[Texto publicado originalmente na ]
*Por João Silva
Estreava, em maio de 1944, no Théâtre du Vieux Colombier, a peça Huis Clos [Entre Quatro Paredes], de Jean-Paul Sartre. Encenada em plena Segunda Guerra, a peça atendeu às dificuldades do período, contando apenas com três atores e um cenário, num ato. O seu tema era também propício à época: os três personagens morreram e chegaram ao inferno, porém, a um inferno muito peculiar, em que, às criaturas diabólicas de Bosch ou aos fogosos castigos de Dante, davam lugar quatro simples paredes.
No que quase parece uma piada, uma lésbica (Inèz), uma ninfomaníaca (Estelle) e um covarde (Garcin) entram num quarto. Porém, sucede-se que à comédia se sobrepõe a agonia e o desespero. Cedo percebemos que o covarde precisa da aprovação da lésbica, a lésbica deseja a ninfomaníaca e a ninfomaníaca cobiça o homem. Mesmo depois de confessarem os crimes que os levaram àquele lugar, na esperança de saberem o que esperar uns dos outros, a tortura continua. Esta, porém, não é uma tortura física. Como Garcin conclui, “o inferno são os outros”. Os personagens estão confinados na tirania do Outro. Quando Estelle, perseverando na sua tentativa de seduzir Garcin, tenta esfaquear Inèz, apercebe-se da triste realidade: eles estão mortos e presos para sempre. Nisto, após um prolongado ataque de riso histérico, Garcin finalmente conclui: “Eh bien, continuons ...” (“Bem, então vamos continuar isto...”).
O Inferno (Nem Sempre) São os Outros
A série The Good Place, criada por Michael Schur, parece, a início, inverter a peça sartriana. Em vez de três pessoas que entram no inferno, a série apresenta-nos quatro pessoas que entram no céu, mais precisamente, no “good place” (o lugar bom). Conhecemos Eleanor, que entrou no “good place” pelos seus incontáveis atos altruístas e a sua alma gémea Chidi, um professor de ética; Tahani, uma filantropista e a sua alma gémea Jianyu Li, um monge budista em voto de silêncio. Embora todos tenham sofrido mortes prematuras, as suas exemplares vidas colocaram-nos no topo de um sistema de pontos que recompensa (ou pune) as pessoas na vida após a morte.
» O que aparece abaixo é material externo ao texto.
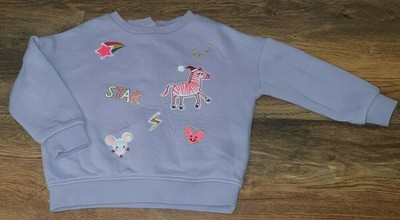 m&s baby jumper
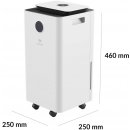 Odvlhčovač vzduchu TrueLife AIR Dehumidifier DH5 Touch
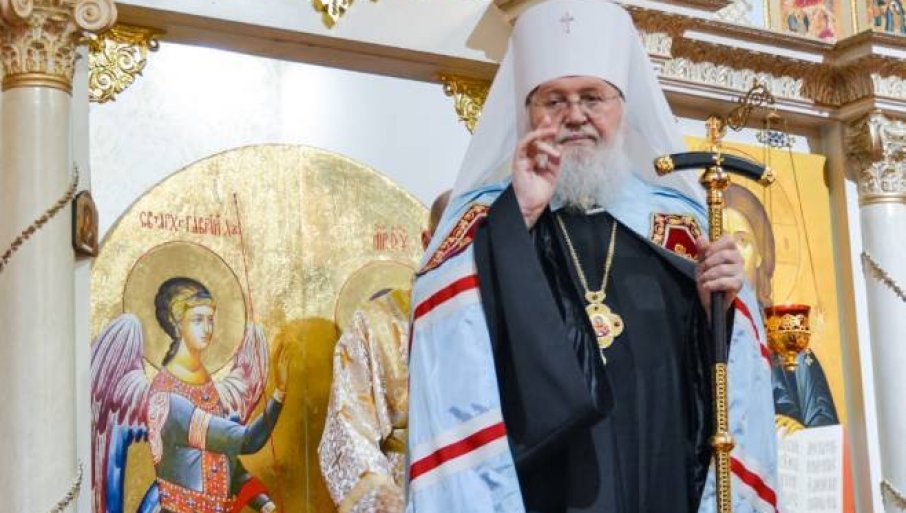 ПРЕМИНУО МИТРОПОЛИТ ИЛАРИОН: Синод Руске правoславне цркве потврдио тужне вијести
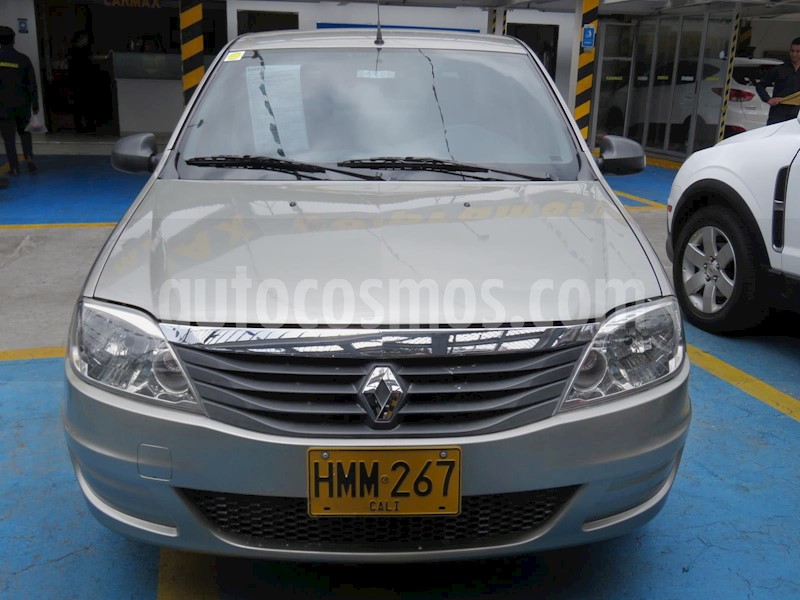 foto Renault Logan Expression usado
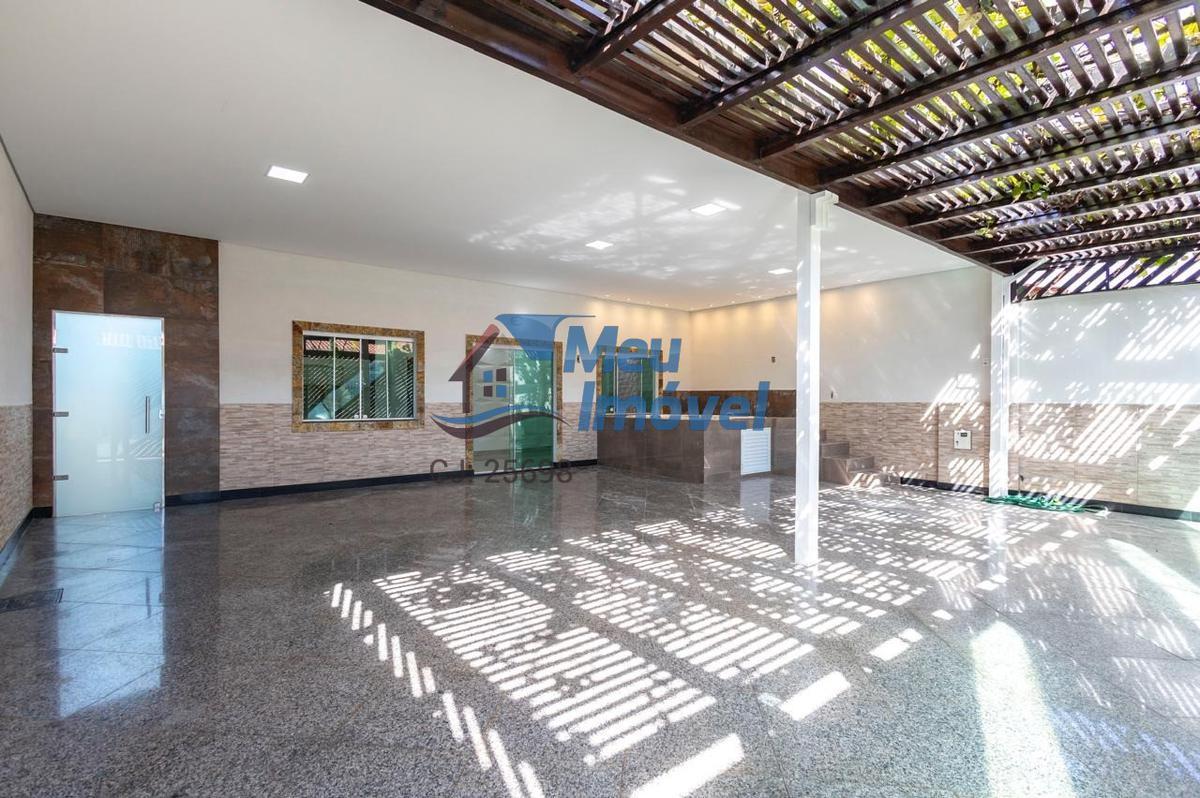 Casa, Setor Central, 3 Quartos, 3 Vagas, 1 Suíte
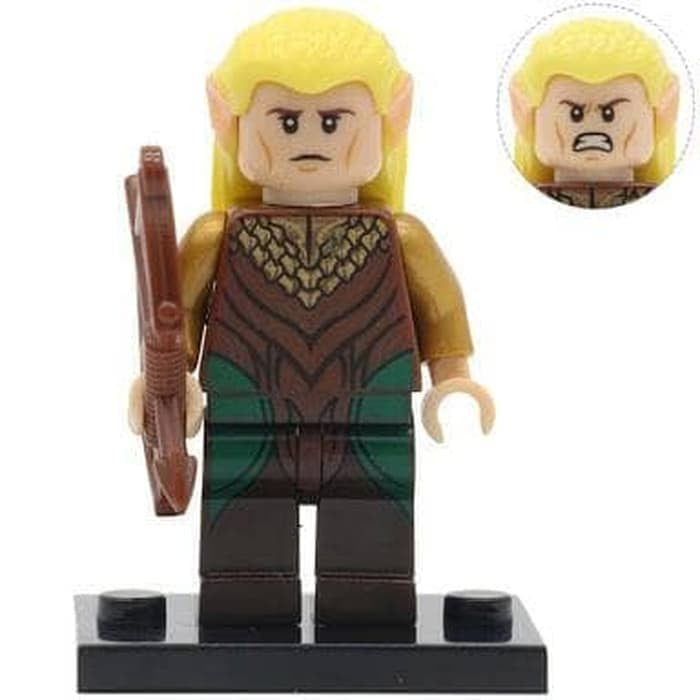 Legolas deals lego minifigure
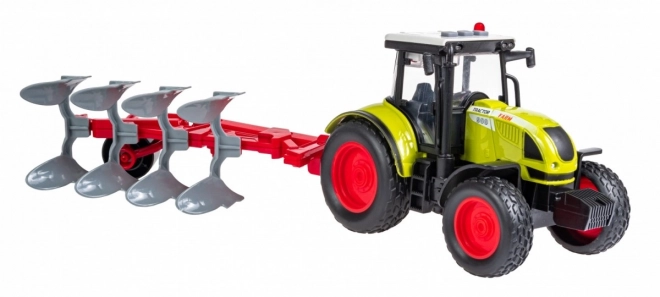 Talking Tractor Toy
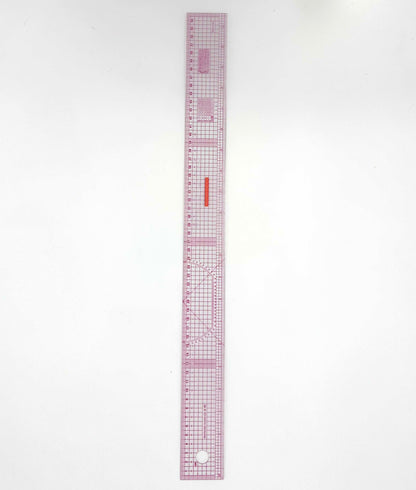 Flexible Pattern Rulers and Curves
Michael, o arquiteto deste “good place”, deixa claro que eles fazem parte de uma elite ética, pois só os melhores dos melhores têm a oportunidade de entrar neste lugar.
Porém, Eleanor cedo começa a reparar que há algum tipo de erro. A sua vida na terra foi, na verdade, o exato oposto do que supostamente a teria levado para o “good place”: uma vida de puro egoísmo, sem qualquer apreço pelas pessoas à sua volta. Vendo-se obrigada a admitir tudo isto a Chidi, a única forma que ela tem de continuar no “good place” é tentar aprender ética com ele para, pelo menos, poder fingir ser boa pessoa. Porém, aquilo que eventualmente descobrimos é que, na verdade, não é só Eleanor que está deslocada: o monge budista chama-se Jason, um idiota da Flórida cujos interesses se limitam aos Jacksonville Jaguars e a atirar cocktails moltovs; a filantropia de Tahani mascara a sua obsessão por si mesma, que a impede de perceber porque razão está sequer no “bad place”, à semelhança de Estelle em Huis Clos; e Chidi, na sua busca filosófica por ser ético, tornou-se, antes, em alguém que não conseguia tomar decisão alguma, um covarde, tal como Garcin. Eles estão, na verdade, no “bad place” (“lugar mau”) e, tal como na peça sartriana, este inferno envolve a agonia em que cada um deles tem de viver, torturando-se mutuamente por causa das suas próprias situações.